Sleep: A Manager’s Secret Weapon
04 July 2017 -
Feeling tired at work? You could be sleep deprived. Get some top tips for sleep experts on boosting your slumber
Guest blogger James Barrass-Banks
The answer to employee motivation, productivity and well-being might not lie in a fancy new motivational tool but in something that’s been around for much longer and something we’re all very familiar with: sleep.
Many managers think working around the clock (and encouraging their staff to do the same) is the way to get ahead. But the evidence suggests otherwise. Rather than working every hour under the sun, it’s vital you ensure you and your team are getting plenty of shut-eye.

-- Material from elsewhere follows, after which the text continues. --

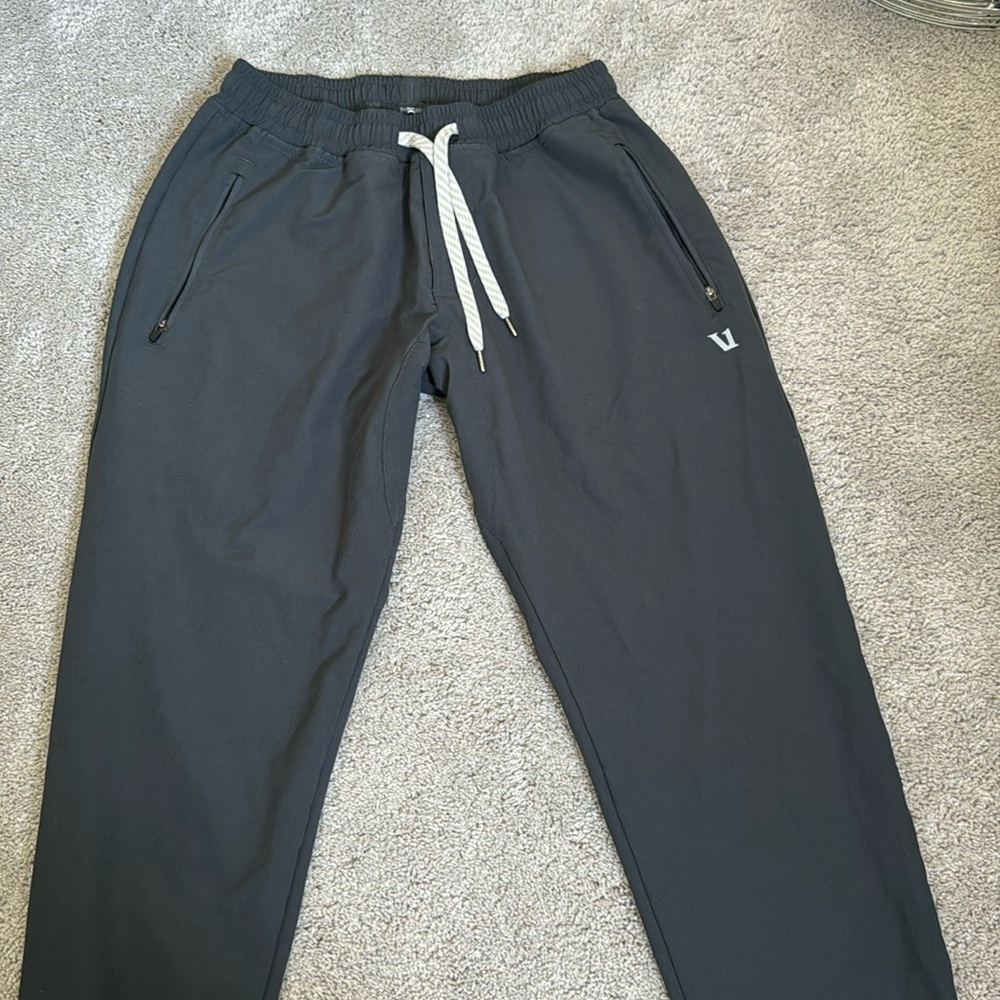 Vuori men’s small the rise the shine pant. Charcoal gray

If you find yourself coming into work tired in the mornings or struggling to get through the afternoons, you could well be sleep deprived - which isn’t good for your company... and certainly isn’t any good for you.

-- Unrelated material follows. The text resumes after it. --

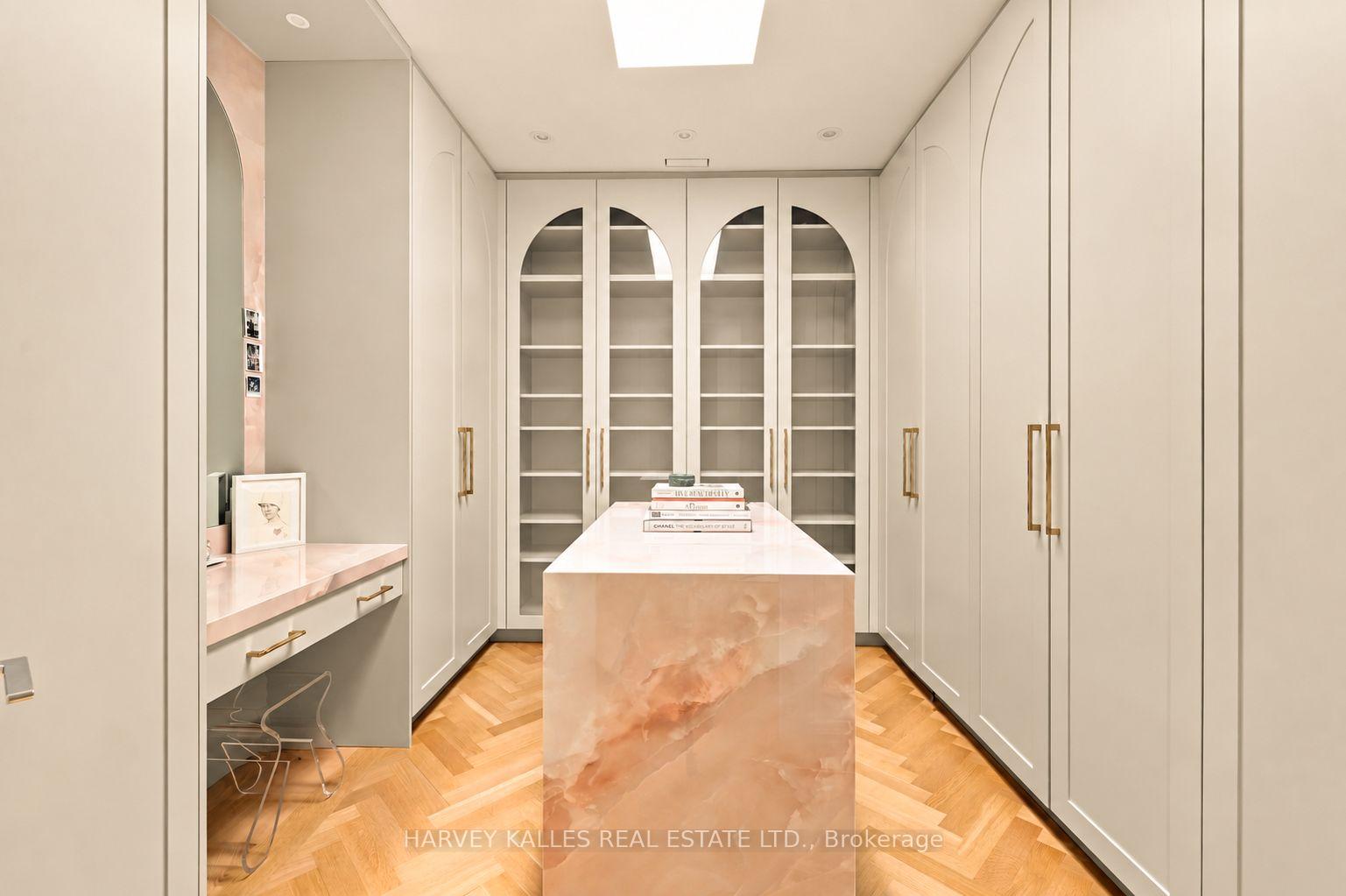 363 Bedford Park Avenue, Toronto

In fact, getting the right amount of sleep - generally thought to be at least eight hours a night - is absolutely crucial. It will help you function, think clearly, enjoy good emotional well-being and help you work creatively, productively, and efficiently.
Recent research reveals just how bad a lack of sleep can be, showing it can:
- Make us eat more than 300 extra calories a day
- Increase risk of diabetes, weight gain and heart disease
- Lead to mental health problems in cases of insomnia
- Affect productivity and academic performance
For Ines Respini Jones, HR Business Partner at Simply HR Consulting, manager burnout has “significant implications” for businesses.
“Burnout is being caused by prolonged emotional and physical stress and is heightened by a lack of sleep,” she says.
“The lack of sleep combined with high-stress situations reduces employee productivity, leads to disconnect at work and loss of motivation, as well as fostering anger and resentment.”
So how to sleep better?
Use blackout curtains
If you wake up when the sun does and can’t get back to sleep, buy some blackout curtains. These curtains block external light from coming into your room, helping you sleep on through, regardless of light sources trying to interrupt your flow.
Relax before bedtime
It might be tempting to check your emails or make another tweak to that all-important presentation just before you hit the hay, but don’t. Stimulating your brain just before bedtime can make it much more difficult to fall quickly into sleep. Instead, get into the habit of doing something relaxing - like taking a soothing bath.
Can you get 40 winks at work?
If you work in a modern office, you might be lucky enough to have couches or large cushions you can relax on. If you feel tired, why not grab five minutes shut eye and take it out of your lunch break? “Notice when you start to feel tired and pay attention to it rather than pushing yourself through it for another hour or so,” says leadership consultant Anni Townend.
“Ensuring that you have enough exercise during the day is important, be this choosing to walk rather than use transport. This, along with sleep, refuels us physically, mentally and emotionally – we feel better after it, if not always whilst doing it,” Townend adds.
And here are some more tips from sleep expert Sharon Stiles:
- Avoid really bright lights in the evening because they confuse your body clock. Use dimmer lighting so your body can start producing melatonin so you can sleep well.
- Keep a notebook by the side of your bed so that if, and when, you do wake up with something on your mind, you can jot it down rather than letting it keep you awake.
- Breathe from your abdomen because that's where you naturally breathe from when you are asleep.